== Provided material

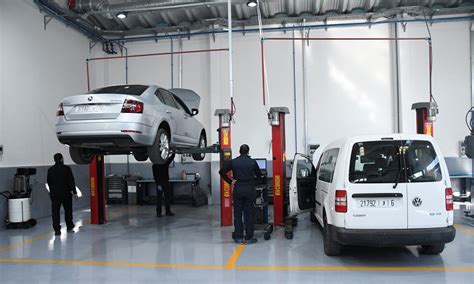 Service Apr S Vente La Centrale Automobile Ch Rifienne Inaugure Un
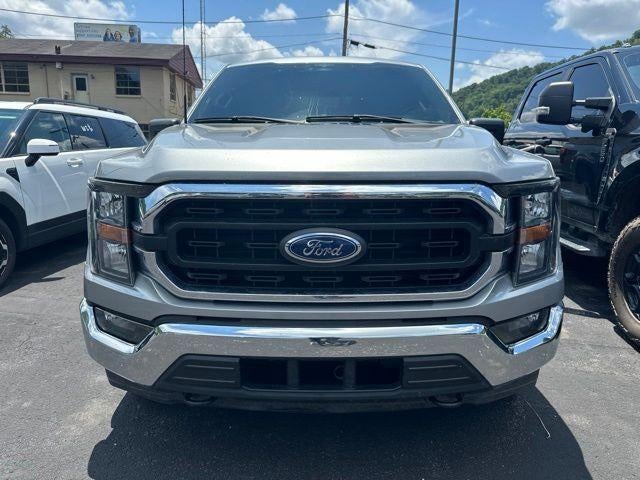 2023 Ford F-150 XLT 4WD SuperCrew 5.5' Box
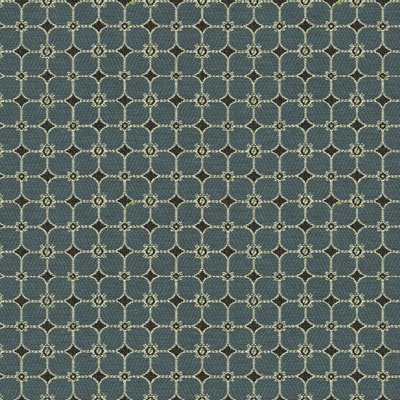 Kravet 32893.52 Fiorina Blue Slate Fabric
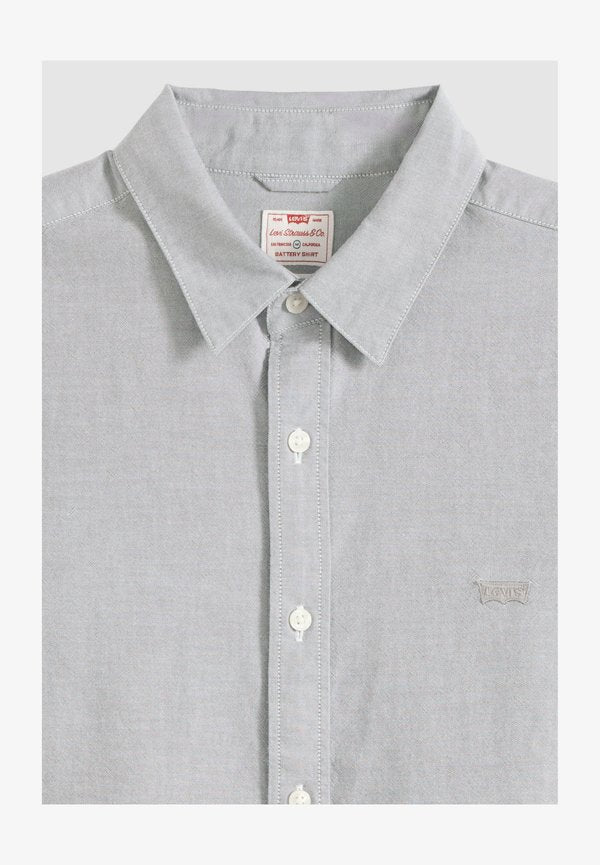 Levi's® BATTERY HOUSEMARK STANDARD AURI FLORAL N - Shirt - auri floral navy blazer - greys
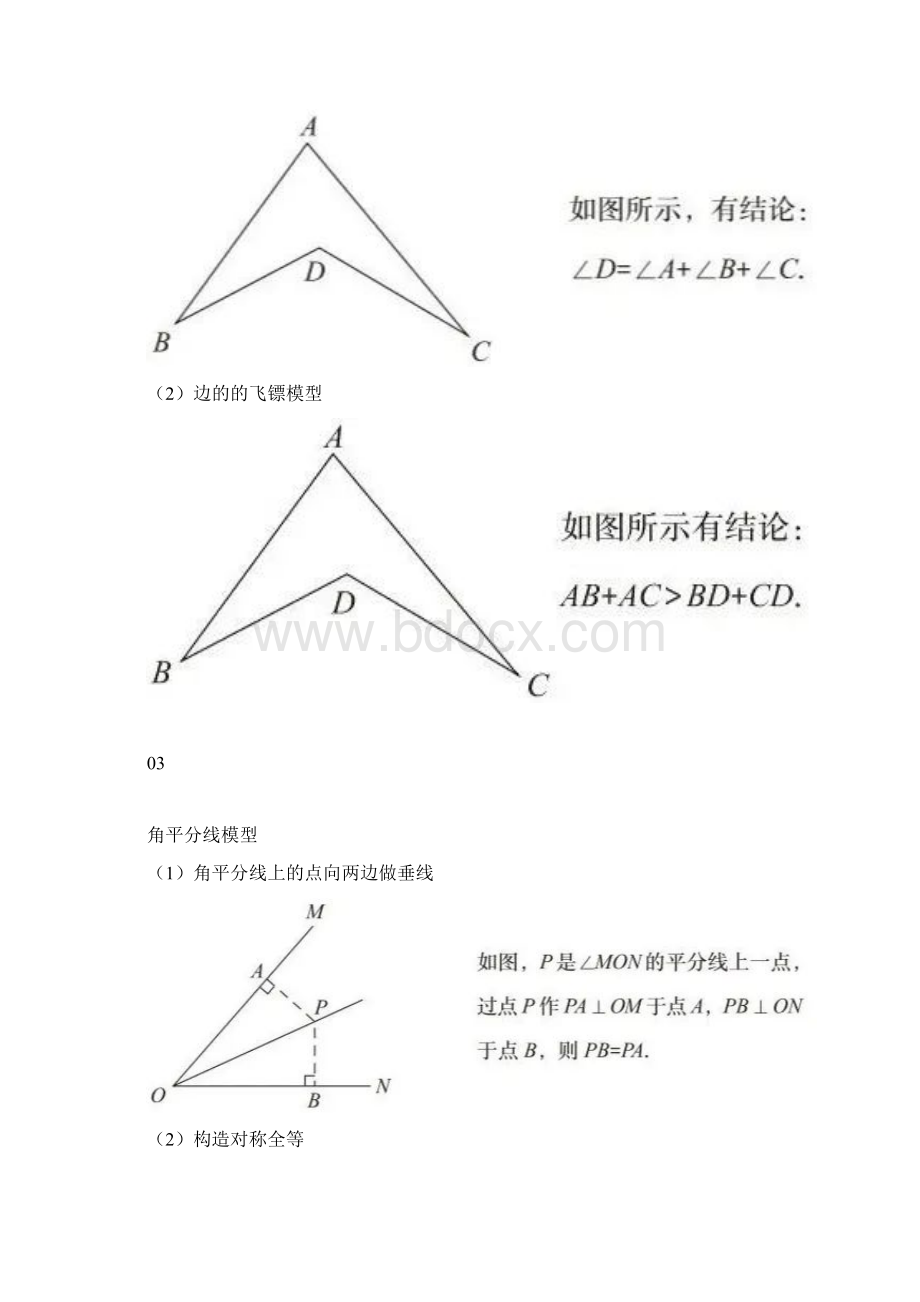 初中数学几何模型总结.docx_第2页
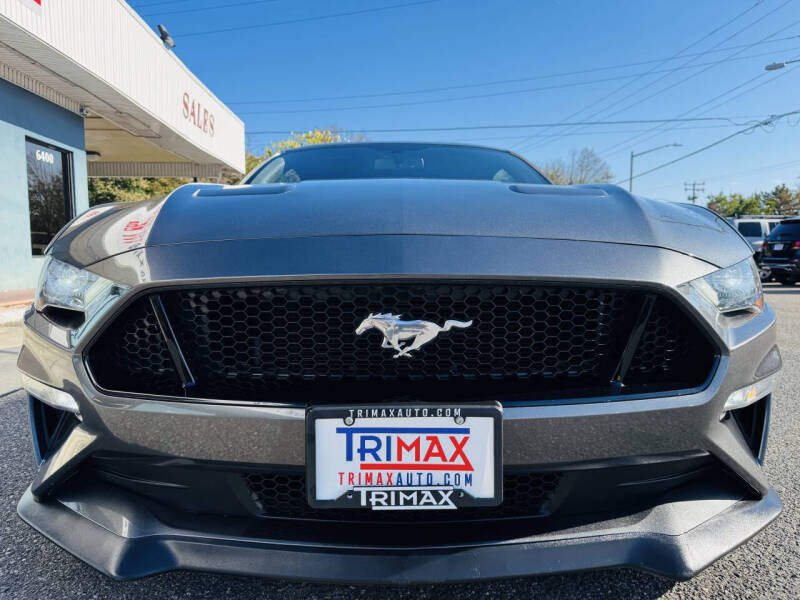 2019 Ford Mustang GT Premium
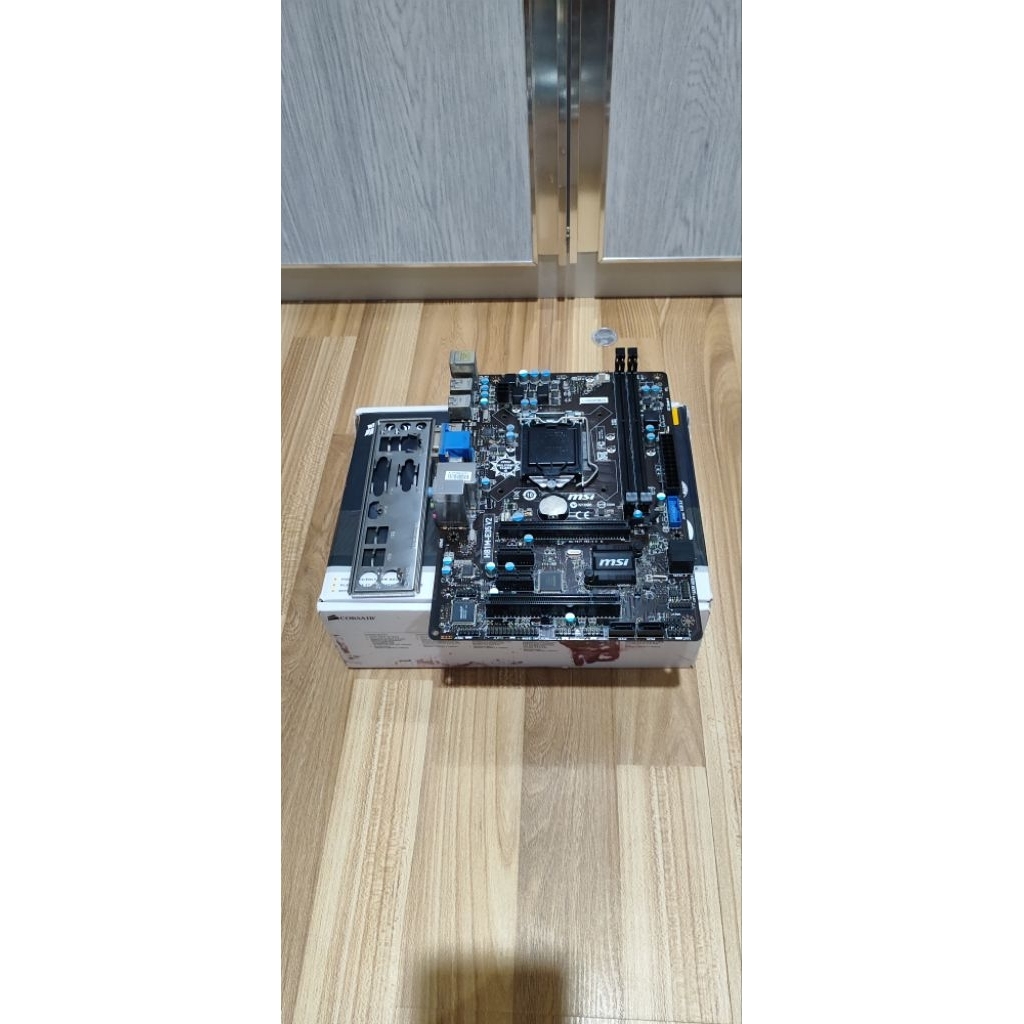 MOTHERBOARD MSI H81M-E35 V2 LGA1150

====

> [Your task]: Only the lines starting at the one that holds "初中数学几何模型总结.docx_第2页" and ending at the last line of the data belong in your answer. Please set them down exactly and omit the pictures.

> [Completed exercise]:
 初中数学几何模型总结.docx_第2页
 2019 Ford Mustang GT Premium
 MOTHERBOARD MSI H81M-E35 V2 LGA1150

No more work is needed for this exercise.